Your task >> Leaving out the images, reproduce every line of the data that follows exactly.

Data provided >>
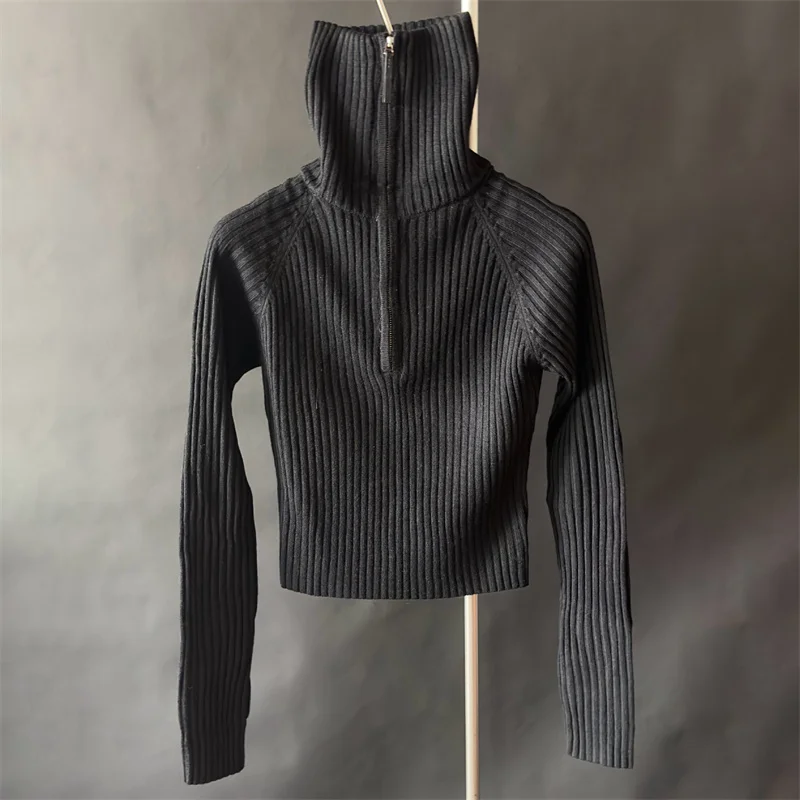 Strickjacke für Damen. Neues, elastisches, gestricktes, schmal geschnittenes, langärmliges Oberteil für den Herbst 2022, Wollmischung, Damenpullover, lässiger Damenmantel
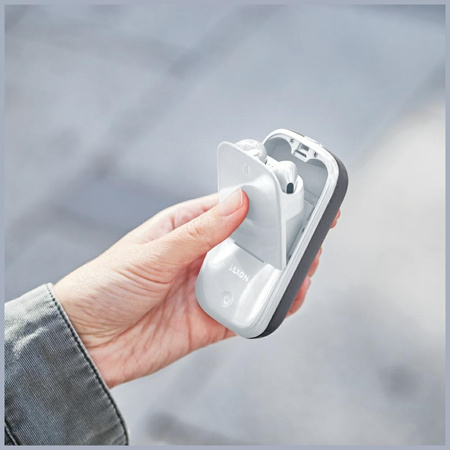 Lexon Speakerbuds Słuchawkibezprzewodowe z głośnikiem bluetooth szary/grey LA127G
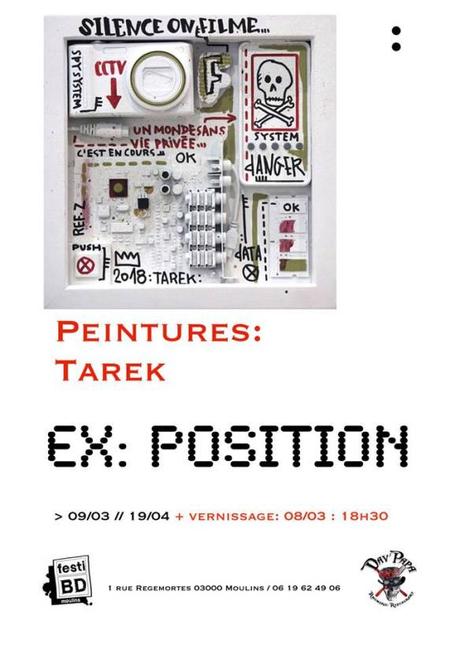 Exposition « Peintures: Tarek » au Dav’papa
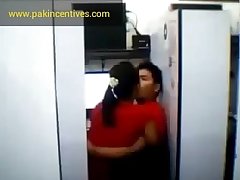 Desi Girl Kissing With Boyfriend In Her Home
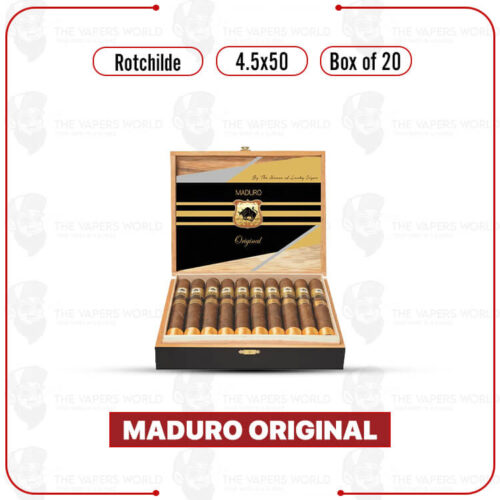 Maduro Original by Lucky Cigar: Rothchilde 4.5x50 Box of 20 Cigars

Answer to the problem >>
 Strickjacke für Damen. Neues, elastisches, gestricktes, schmal geschnittenes, langärmliges Oberteil für den Herbst 2022, Wollmischung, Damenpullover, lässiger Damenmantel
 Lexon Speakerbuds Słuchawkibezprzewodowe z głośnikiem bluetooth szary/grey LA127G
 Exposition « Peintures: Tarek » au Dav’papa
 Desi Girl Kissing With Boyfriend In Her Home
 Maduro Original by Lucky Cigar: Rothchilde 4.5x50 Box of 20 Cigars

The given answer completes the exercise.